UPDATE accounts SET balance = balance + 500000
WHERE id = 1;

UPDATE accounts SET balance = balance - 500000
WHERE id = 2;

COMMIT;

Session 2:

SELECT * FROM accounts WHERE id IN (1, 2) FOR UPDATE;
 id | name  | balance
----+-------+---------
  1 | Adi   | 1500000
  2 | Angli | 1500000
(2 rows)

UPDATE accounts SET balance = balance + 500000
WHERE id = 1;

COMMIT;

SELECT * FROM accounts;
 id | name  | balance
----+-------+---------
  2 | Angli | 1500000
  1 | Adi   | 2000000
(2 rows)

After Session 1 is committed, Session 2 automatically shows the updated data, indicating that the data has been changed.

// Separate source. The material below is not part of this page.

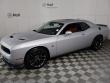 Used 2023 Dodge Challenger R/T Scat Pack Coupe
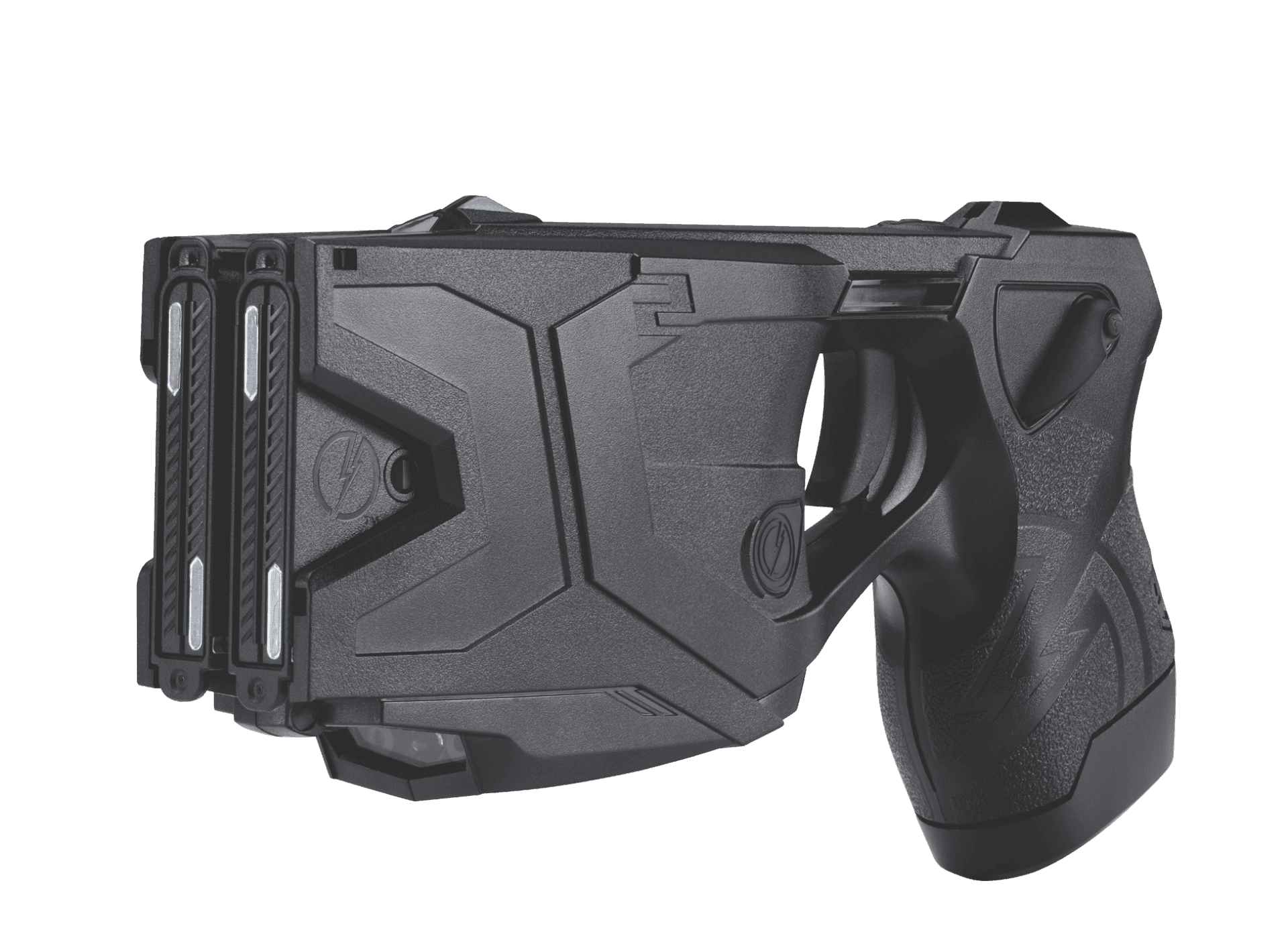 Taser X2 South Africa, the original stun gun!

Why do we need isolation? Imagine if multiple processes are working simultaneously, the balance could become chaotic and pose a significant risk to our data. Even the database may prioritize the data that arrives first, even though the data is being processed concurrently.

Durability

The last characteristic of ACID is Durability. Durability guarantees that once a transaction is saved, it will remain saved even in the event of system failure, such as a blackout or crash.

Session 1:

BEGIN TRANSACTION;

UPDATE accounts SET balance = balance - 1000000
WHERE id = 1;

SELECT * FROM accounts;
 id | name  | balance
----+-------+---------
  2 | Angli | 1500000
  1 | Adi   | 1000000
(2 rows)

# stop postgres

UPDATE accounts SET balance = balance - 500000
WHERE id = 2;
FATAL:  terminating connection due to unexpected postmaster exit
server closed the connection unexpectedly
        This probably means the server terminated abnormally
        before or while processing the request.
The connection to the server was lost. Attempting reset: Failed.

# start postgres
SELECT * FROM accounts;
 id | name  | balance
----+-------+---------
  2 | Angli | 1500000
  1 | Adi   | 2000000
(2 rows)

As we can see, the data remains consistent even when PostgreSQL is experiencing a shutdown. So, when the data has not been committed and our database encounters issues, the transaction is not considered successful.

"So when you are using a database, make sure that the database complies with the ACID principles. However, there are some databases that do not follow these principles due to their different requirements, such as Redis."

"That's all from me, and thank you for reading" (=｀ェ´=).